# FYI - NJ Saltwater Fishing Registry.



## OChunter375

From what I understand, recreational fisherman must register. Also you must carry the registration card while fishing in NJ. 

http://www.nj.gov/dep/saltwaterregistry/index.html


----------



## njdiver

There are only two exemptions:

Under 16 years of age, 

fishing from a *registered* party or charter boat.

No other registry or license is recognized by NJ. Not even the NOAA registry! 

http://www.nj.gov/dep/saltwaterregistry/faq.html

NY has also created a free registry but does not recognize NJ's. Delaware's tidal finfish license also has no reciprocity with bordering States.


----------



## RuddeDogg

"Delaware's tidal finfish license also has no reciprocity with bordering States."

BUT...you had better have your New Jersey registry card with when they board your boat because they check for it.


----------



## SALTSHAKER

Liscense won't be long in comng once they see how many registered and add that by what they want to charge for it... Wouldn't be bad if they put the money back into the resource and hire some game wardens and improve access and launch ramps etc... but we know where the money will go... in the pot.... to p it away...... salt


----------



## RuddeDogg

SALTSHAKER said:


> Liscense won't be long in comng once they see how many registered and add that by what they want to charge for it... Wouldn't be bad if they put the money back into the resource and hire some game wardens and improve access and launch ramps etc... but we know where the money will go... in the pot.... to p it away...... salt


Yup.


----------



## rhetoric

Thanks for this! Saved me a lot of time researching...


----------



## cgmarshall777

Fella's I have a question; if you know the answer please let me know...Besides the $15 bucks, what is the difference between this posted wed-site above and www.countmyfish.noaa.gov ??? I paid the $15 bucks and this one is free??? Thank, Chris


----------



## RuddeDogg

The $15 is the federal registry which you DON'T need now that you have the New Jersey registry.


----------



## cgmarshall777

So what you're saying is that I paid the $15 bucks for nothing??? All's one has to do is register for free @ http://www.nj.gov/dep/saltwaterregistry/faq.html and you're good to go?!?!?! I have a lot of friends that are confused on the whole thing...Seems like we now have to go through A LOT just to enjoy ourselves fishing!!!???!!!


----------



## SALTSHAKER

Yup.... ole uncle got ya again.... keep an eye out for the forthcoming NJ saltwater liscense now that they see how many registered they will be drooling in their chops to enact one.... salt


----------



## RuddeDogg

cgmarshall777 said:


> So what you're saying is that I paid the $15 bucks for nothing??? All's one has to do is register for free @ http://www.nj.gov/dep/saltwaterregistry/faq.html and you're good to go?!?!?! I have a lot of friends that are confused on the whole thing...Seems like we now have to go through A LOT just to enjoy ourselves fishing!!!???!!!

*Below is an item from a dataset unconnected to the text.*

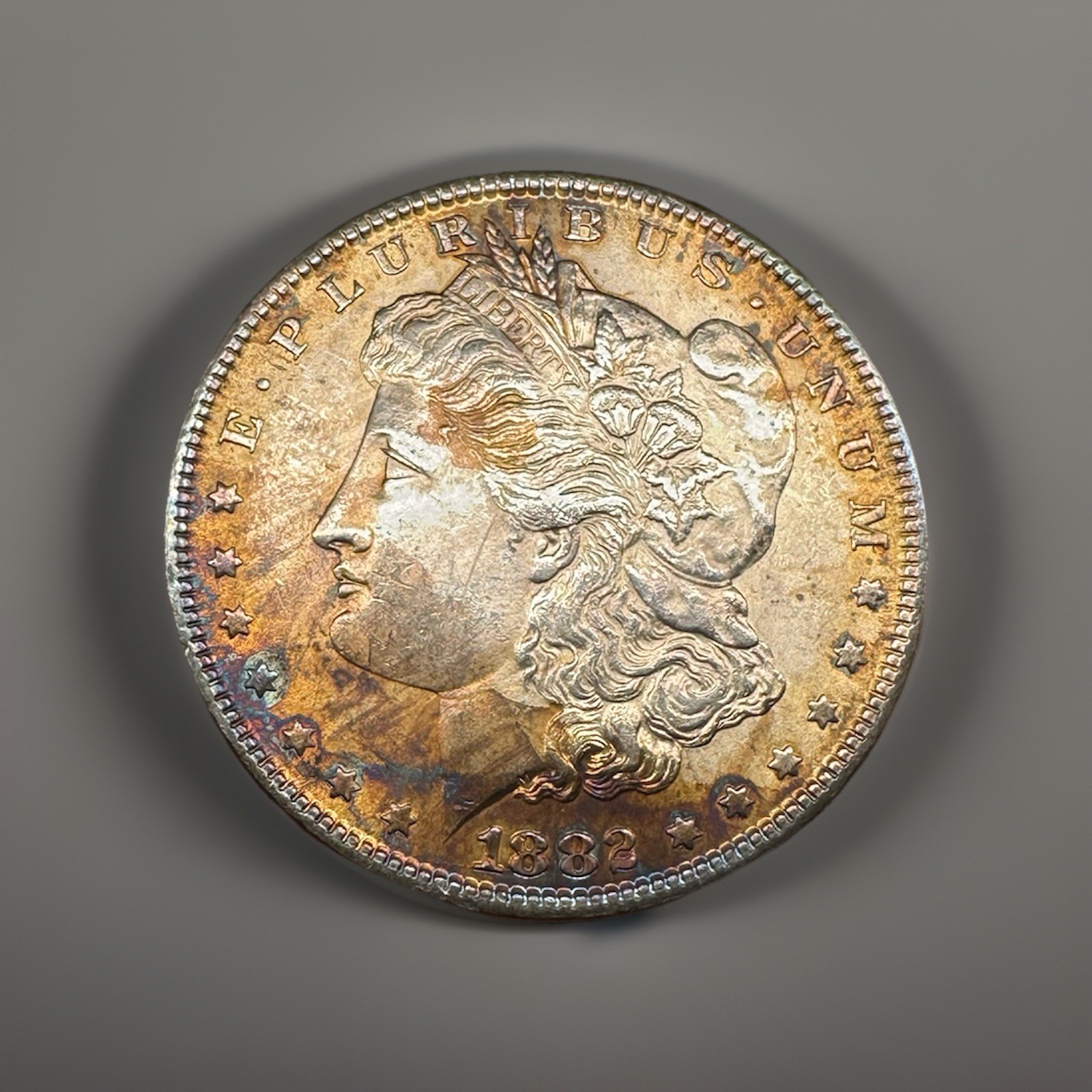 1882-P- BU Morgan Dollar – Vibrant AT Rainbow Toning – Beautiful Eye Appeal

Yup....AND they are slower than molasses in the winter time gettin your card out to you. Been over two weeks now I been waitin.


----------



## OChunter375

I had to register in New York State as well to do striper fishing in the Hudson River. Last year you had to buy a marine fishing license. This year they did away with the license and let you register for free for the marine fishing, but you better register. DEC police check.


----------



## cgmarshall777

Gotta love that Uncle Sam...and I work for him to-boot...lol...What's the point of the NOAA reg. then?????


----------



## RuddeDogg

cgmarshall777 said:


> Gotta love that Uncle Sam...and I work for him to-boot...lol...What's the point of the NOAA reg. then?????


That's for the FEDS and to take your money.


----------



## RuddeDogg

RuddeDogg said:


> Yup....AND they are slower than molasses in the winter time gettin your card out to you. Been over two weeks now I been waitin.

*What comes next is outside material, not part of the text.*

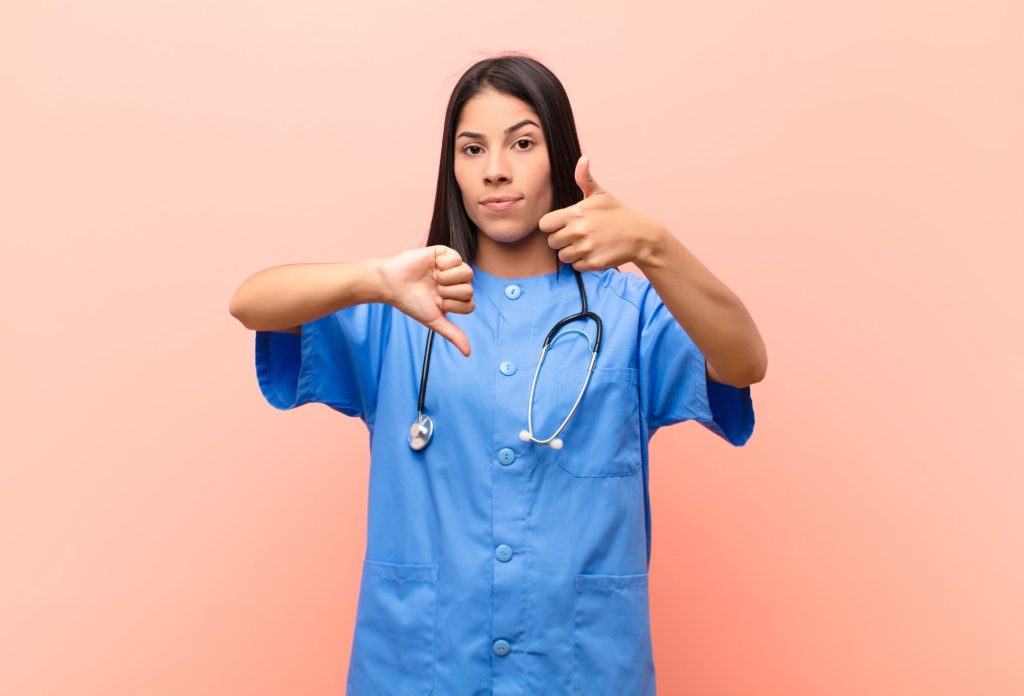 healthcare worker giving thumbs up and thumbs down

Sent a e-mail to the State to see when I would be getting my card. The reply I got back was amusing but NOT surprising. Do the facet that the State registry is free, and it would cost the State money to mail out cards, the print out that you make after you register is your card.


----------



## njdiver

The beauty of printiong it for yourself is that you can re-size it to fit in your wallet!


----------



## RuddeDogg

njdiver said:


> The beauty of printiong it for yourself is that you can re-size it to fit in your wallet!


Yup AND....I made enough copies that I have one in EVERY bag I got. That way I ALWAYS have one on hand. I even made copies of the Fed card and my Delaware license and fin number.


----------